Segment Start: Study material
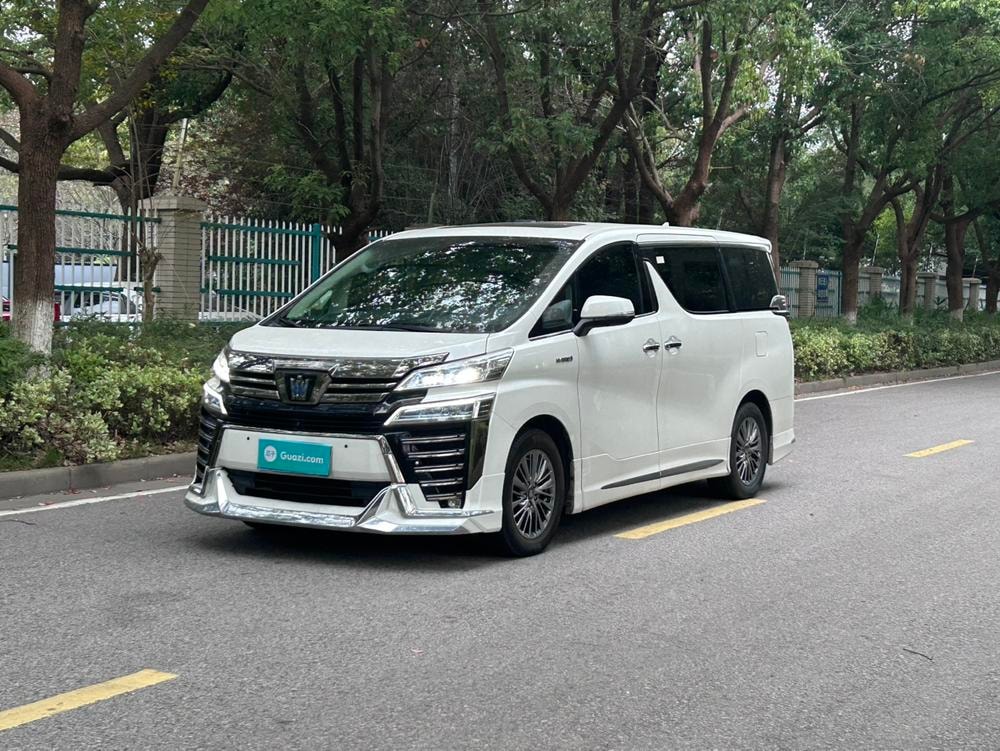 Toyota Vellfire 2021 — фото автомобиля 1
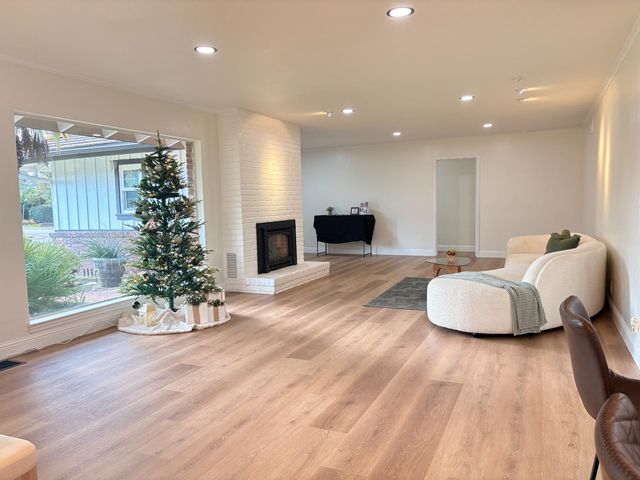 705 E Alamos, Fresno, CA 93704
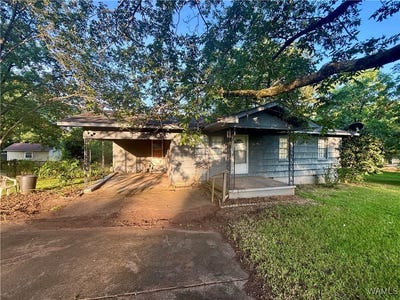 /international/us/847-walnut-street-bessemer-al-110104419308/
Segment End: Study material
Segment Start: Study material
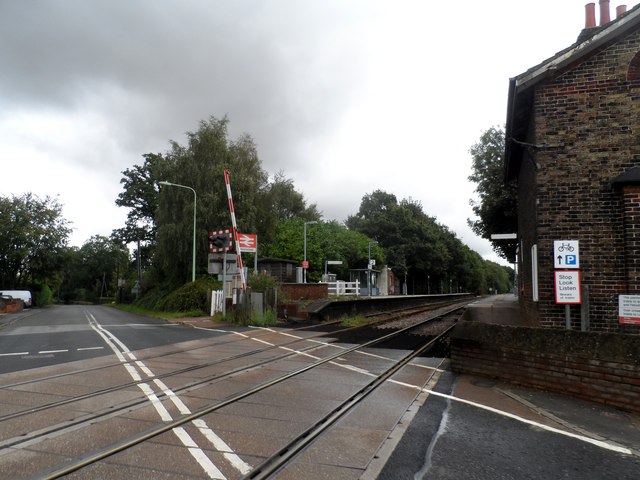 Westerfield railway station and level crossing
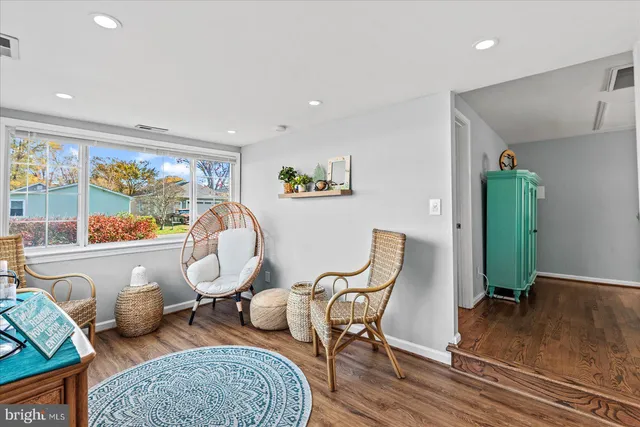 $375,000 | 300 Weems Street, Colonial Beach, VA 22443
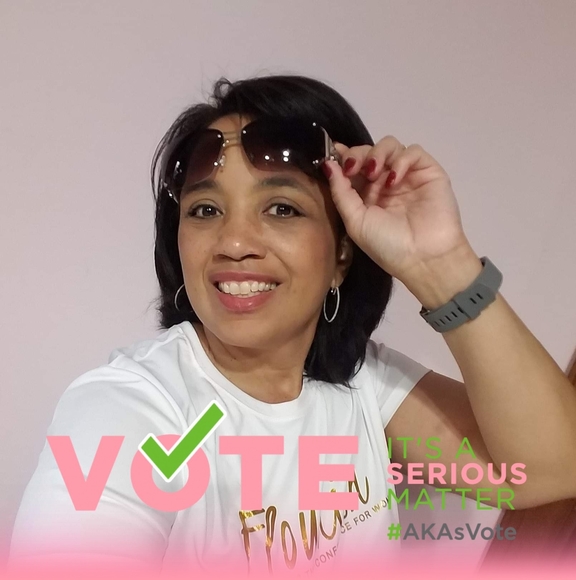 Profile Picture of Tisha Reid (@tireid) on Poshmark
Segment End: Study material
Segment Start: Study material
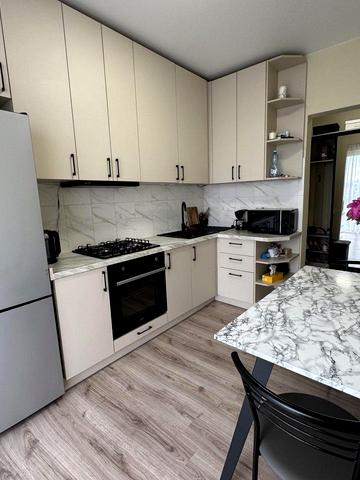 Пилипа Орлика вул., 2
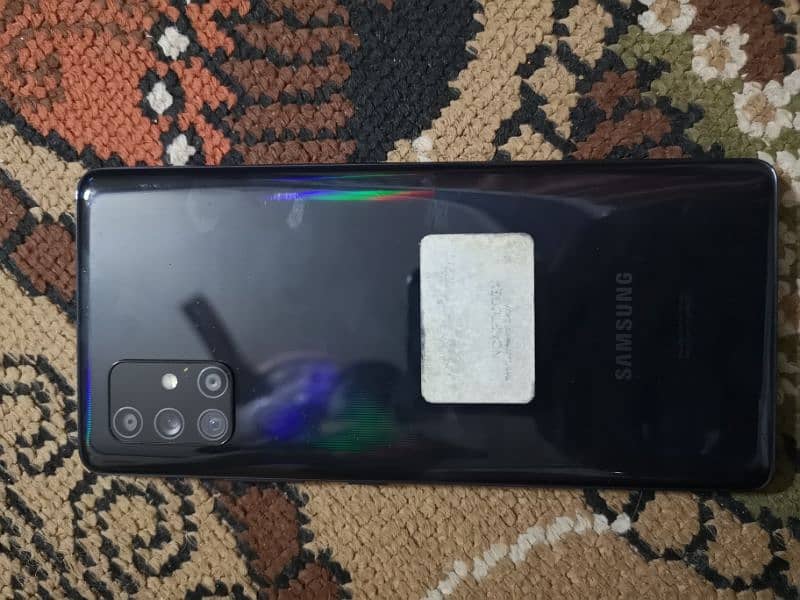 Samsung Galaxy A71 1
Segment End: Study material
Task statement: Copy only this from above: the line containing "Westerfield railway station", the line containing "Profile Picture of", and all lines between, printed exactly. Leave out the pictures.

Exercise output:
 Westerfield railway station and level crossing
 $375,000 | 300 Weems Street, Colonial Beach, VA 22443
 Profile Picture of Tisha Reid (@tireid) on Poshmark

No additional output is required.